The temperature of the gas distribution assembly 116 can be established prior to positioning the substrate 106 in the process chamber 102. The temperature of the gas distribution assembly 116 can be held or modified within a predetermined temperature range during the formation of one or more films in the process chamber 102. The elevated temperature of the gas distribution assembly 116 promotes gas flow into the process chamber 102 in part by reducing the temperature differential between the gas distribution assembly 116 and the substrate support 104 upon which the substrate 106 is positioned. The reduced temperature differential causes less diffusion of species from hot areas to cold areas, and/or less mass diffusion. The improved gas flow can lessen the occurrence and severity of buildup since flowing (moving) gas is less likely to cause build up, in contrast to gas trapped outside of a gas flow. The elevated temperature of the gas distribution assembly 116 also reduces the occurrence and/or the severity of buildup on the gas distribution assembly 116.

Additionally or alternatively, the elevated temperature of the gas distribution assembly 116 causes buildup that does occur to be less brittle and therefore less likely to loosen and cause defects. In one example, the temperature of the gas distribution assembly 116 can be controlled by applying power to one or more heating elements 156. In one example, the gas distribution assembly 116 can have the plurality of heating elements 156 disposed therein configured to create a temperature gradient and/or temperature zones across the faceplate.
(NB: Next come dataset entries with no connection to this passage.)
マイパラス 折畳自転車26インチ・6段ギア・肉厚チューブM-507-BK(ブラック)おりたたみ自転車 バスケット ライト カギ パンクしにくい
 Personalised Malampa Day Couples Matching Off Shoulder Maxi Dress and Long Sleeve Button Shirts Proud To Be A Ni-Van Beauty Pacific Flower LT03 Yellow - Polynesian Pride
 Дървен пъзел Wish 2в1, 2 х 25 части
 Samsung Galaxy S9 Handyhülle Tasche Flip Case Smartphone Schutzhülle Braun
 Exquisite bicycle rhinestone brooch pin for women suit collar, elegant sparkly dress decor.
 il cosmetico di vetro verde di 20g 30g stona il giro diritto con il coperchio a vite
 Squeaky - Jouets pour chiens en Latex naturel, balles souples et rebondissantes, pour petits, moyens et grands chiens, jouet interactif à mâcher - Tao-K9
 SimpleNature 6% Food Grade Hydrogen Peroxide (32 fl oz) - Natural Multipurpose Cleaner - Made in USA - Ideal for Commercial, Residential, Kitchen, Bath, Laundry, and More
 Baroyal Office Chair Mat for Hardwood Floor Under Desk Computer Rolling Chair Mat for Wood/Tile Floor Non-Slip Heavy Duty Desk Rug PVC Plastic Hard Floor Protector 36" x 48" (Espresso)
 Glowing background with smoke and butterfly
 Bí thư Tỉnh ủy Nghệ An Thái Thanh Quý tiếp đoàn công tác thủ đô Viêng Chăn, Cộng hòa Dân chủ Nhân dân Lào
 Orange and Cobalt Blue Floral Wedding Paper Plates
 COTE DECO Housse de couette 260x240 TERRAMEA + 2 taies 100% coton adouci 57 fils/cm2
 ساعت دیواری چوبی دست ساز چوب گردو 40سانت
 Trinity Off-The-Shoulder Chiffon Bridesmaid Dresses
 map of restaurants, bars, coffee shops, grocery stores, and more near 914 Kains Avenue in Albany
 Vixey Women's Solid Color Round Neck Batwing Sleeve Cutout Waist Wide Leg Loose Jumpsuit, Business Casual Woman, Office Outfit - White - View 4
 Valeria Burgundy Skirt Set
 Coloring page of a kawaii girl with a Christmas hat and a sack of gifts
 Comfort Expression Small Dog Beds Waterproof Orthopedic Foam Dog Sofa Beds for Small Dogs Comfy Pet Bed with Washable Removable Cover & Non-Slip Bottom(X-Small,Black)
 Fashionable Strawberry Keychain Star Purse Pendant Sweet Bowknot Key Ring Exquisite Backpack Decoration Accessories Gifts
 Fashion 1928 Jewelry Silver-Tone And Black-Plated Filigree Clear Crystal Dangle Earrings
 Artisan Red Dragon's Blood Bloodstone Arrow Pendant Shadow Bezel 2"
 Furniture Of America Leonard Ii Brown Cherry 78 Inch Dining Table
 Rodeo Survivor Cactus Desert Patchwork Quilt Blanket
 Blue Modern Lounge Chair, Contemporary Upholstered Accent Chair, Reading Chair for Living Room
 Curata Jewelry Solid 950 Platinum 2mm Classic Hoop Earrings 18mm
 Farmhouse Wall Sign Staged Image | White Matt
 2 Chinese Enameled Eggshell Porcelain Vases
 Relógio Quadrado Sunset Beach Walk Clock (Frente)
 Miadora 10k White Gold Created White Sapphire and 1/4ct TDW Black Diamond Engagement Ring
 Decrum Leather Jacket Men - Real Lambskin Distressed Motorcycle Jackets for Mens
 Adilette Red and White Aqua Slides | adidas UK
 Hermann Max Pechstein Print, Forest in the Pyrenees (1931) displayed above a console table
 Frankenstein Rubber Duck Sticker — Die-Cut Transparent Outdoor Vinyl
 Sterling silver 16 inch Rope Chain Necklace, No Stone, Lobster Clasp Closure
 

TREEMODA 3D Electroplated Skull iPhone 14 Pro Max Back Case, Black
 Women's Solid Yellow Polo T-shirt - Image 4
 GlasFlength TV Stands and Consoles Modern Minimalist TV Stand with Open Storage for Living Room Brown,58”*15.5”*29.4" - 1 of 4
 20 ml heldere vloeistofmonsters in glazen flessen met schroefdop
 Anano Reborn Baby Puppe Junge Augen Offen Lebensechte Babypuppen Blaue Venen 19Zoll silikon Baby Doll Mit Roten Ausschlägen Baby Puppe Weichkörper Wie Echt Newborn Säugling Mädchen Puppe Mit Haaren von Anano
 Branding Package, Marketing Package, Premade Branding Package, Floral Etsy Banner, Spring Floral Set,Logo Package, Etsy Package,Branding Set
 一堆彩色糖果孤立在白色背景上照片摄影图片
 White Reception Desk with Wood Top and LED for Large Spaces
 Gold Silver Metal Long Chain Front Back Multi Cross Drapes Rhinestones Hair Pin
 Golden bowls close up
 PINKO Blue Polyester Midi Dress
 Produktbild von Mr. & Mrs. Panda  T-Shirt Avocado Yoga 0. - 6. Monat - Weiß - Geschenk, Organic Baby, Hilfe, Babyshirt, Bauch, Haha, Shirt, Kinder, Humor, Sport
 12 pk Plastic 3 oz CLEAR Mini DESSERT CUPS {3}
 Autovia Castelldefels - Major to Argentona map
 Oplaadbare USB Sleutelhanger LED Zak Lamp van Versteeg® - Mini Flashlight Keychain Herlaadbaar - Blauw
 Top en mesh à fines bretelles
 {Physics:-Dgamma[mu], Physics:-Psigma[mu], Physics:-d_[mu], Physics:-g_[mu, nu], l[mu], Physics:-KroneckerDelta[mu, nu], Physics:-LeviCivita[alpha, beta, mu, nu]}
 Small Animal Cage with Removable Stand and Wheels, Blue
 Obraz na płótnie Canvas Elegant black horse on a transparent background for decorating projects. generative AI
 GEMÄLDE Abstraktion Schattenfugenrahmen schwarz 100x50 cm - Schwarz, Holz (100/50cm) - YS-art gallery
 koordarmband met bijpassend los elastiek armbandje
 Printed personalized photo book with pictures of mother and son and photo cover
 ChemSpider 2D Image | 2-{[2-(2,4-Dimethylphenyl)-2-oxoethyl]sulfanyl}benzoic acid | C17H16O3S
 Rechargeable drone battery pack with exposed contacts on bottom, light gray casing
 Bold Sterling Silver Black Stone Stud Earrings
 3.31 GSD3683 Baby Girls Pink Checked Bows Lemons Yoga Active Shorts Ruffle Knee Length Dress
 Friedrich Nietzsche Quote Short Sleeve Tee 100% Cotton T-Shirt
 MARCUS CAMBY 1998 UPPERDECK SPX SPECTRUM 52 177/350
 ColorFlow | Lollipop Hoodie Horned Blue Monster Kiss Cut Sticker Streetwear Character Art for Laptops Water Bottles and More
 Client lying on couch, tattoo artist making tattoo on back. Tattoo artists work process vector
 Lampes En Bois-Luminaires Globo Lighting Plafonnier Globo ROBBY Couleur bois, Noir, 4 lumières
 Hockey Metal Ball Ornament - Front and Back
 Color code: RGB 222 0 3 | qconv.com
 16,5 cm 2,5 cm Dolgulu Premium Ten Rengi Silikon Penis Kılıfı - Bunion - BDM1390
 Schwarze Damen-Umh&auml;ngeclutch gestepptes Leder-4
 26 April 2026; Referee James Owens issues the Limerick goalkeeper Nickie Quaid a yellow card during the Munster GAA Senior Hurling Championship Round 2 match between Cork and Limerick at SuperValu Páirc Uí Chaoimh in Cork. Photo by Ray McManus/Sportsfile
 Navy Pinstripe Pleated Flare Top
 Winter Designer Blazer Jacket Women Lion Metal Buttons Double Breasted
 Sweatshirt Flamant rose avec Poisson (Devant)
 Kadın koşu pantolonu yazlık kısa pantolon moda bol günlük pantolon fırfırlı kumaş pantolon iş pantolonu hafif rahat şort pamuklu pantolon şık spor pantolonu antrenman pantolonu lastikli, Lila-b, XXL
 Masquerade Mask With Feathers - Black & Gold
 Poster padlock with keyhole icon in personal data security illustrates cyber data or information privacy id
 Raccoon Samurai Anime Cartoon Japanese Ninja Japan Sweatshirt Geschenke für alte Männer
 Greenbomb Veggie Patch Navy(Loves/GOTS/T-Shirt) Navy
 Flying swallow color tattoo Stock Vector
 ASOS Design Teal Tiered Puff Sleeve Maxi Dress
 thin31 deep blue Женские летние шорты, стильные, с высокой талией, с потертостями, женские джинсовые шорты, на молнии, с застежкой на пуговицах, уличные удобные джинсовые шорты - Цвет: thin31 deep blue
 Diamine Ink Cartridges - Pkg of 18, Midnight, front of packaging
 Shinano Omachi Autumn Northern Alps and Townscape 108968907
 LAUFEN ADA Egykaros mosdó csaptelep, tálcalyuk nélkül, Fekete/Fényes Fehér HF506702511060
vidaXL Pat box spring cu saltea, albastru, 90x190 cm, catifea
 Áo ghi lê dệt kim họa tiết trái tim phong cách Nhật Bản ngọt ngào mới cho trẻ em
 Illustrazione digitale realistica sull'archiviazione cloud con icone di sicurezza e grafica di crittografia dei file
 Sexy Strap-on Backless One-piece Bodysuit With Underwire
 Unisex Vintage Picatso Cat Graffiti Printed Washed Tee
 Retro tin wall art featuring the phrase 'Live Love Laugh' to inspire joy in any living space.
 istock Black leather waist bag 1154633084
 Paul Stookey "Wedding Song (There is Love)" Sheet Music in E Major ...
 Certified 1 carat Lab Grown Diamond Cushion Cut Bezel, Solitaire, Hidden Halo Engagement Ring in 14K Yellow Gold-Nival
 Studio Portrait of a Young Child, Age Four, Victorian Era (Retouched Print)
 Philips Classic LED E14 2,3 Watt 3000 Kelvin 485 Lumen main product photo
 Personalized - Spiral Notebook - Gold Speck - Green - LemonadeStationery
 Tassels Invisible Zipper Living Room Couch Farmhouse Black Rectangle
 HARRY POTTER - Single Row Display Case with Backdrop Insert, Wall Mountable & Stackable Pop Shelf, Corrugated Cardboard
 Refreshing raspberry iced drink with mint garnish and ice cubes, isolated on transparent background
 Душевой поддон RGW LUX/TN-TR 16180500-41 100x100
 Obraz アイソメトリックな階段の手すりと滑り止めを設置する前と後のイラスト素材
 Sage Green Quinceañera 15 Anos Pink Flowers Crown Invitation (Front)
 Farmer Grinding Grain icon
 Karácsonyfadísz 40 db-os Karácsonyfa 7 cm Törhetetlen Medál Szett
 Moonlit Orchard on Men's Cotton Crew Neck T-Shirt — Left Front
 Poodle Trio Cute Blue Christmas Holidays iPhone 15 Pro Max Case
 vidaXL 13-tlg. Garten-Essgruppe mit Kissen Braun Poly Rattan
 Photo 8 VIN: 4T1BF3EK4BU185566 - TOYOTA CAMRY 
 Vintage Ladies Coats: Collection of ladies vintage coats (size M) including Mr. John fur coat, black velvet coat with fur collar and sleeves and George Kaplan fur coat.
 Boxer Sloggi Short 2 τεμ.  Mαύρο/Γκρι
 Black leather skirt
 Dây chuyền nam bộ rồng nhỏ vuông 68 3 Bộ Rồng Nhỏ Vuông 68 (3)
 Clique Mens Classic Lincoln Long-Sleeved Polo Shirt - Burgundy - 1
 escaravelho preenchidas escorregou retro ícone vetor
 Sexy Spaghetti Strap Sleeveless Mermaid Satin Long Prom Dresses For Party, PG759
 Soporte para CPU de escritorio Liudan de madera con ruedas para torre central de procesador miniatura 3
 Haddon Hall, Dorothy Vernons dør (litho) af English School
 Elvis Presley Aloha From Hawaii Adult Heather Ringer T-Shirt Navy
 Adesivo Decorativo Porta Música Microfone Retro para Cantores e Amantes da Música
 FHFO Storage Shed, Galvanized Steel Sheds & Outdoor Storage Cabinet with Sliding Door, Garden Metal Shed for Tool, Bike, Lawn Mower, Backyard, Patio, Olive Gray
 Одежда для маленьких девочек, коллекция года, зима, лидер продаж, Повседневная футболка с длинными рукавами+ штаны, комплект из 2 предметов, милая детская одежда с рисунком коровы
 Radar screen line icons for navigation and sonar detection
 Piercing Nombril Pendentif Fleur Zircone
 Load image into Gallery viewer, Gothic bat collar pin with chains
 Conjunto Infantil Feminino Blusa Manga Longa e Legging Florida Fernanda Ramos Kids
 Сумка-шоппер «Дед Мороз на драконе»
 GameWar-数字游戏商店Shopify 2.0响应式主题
The plurality of heating elements 156 can be used to raise, lower, or maintain the temperature of the faceplate 128, which is part of the gas distribution assembly 116. Thus, the temperature of the gas distribution assembly 116 discussed herein can be measured as the temperature of the faceplate 128.

In one example, the gas distribution assembly 116 can be further coupled to a chiller plate 148. In one example, when the chiller plate 148 is coupled to the gas distribution assembly 116, the chiller plate 148 facilitates control over a temperature or a temperature gradient across the faceplate 128 during, for example, the deposition of one or more films on the substrate 106. In some embodiments, the chiller plate 148 includes a plurality of channels (not shown) formed in the chiller plate 148. The plurality of channels allow a temperature control fluid provided by a temperature control fluid supply (chiller) 150 to flow through the chiller plate 148 to facilitate the control over the temperature of the faceplate 128.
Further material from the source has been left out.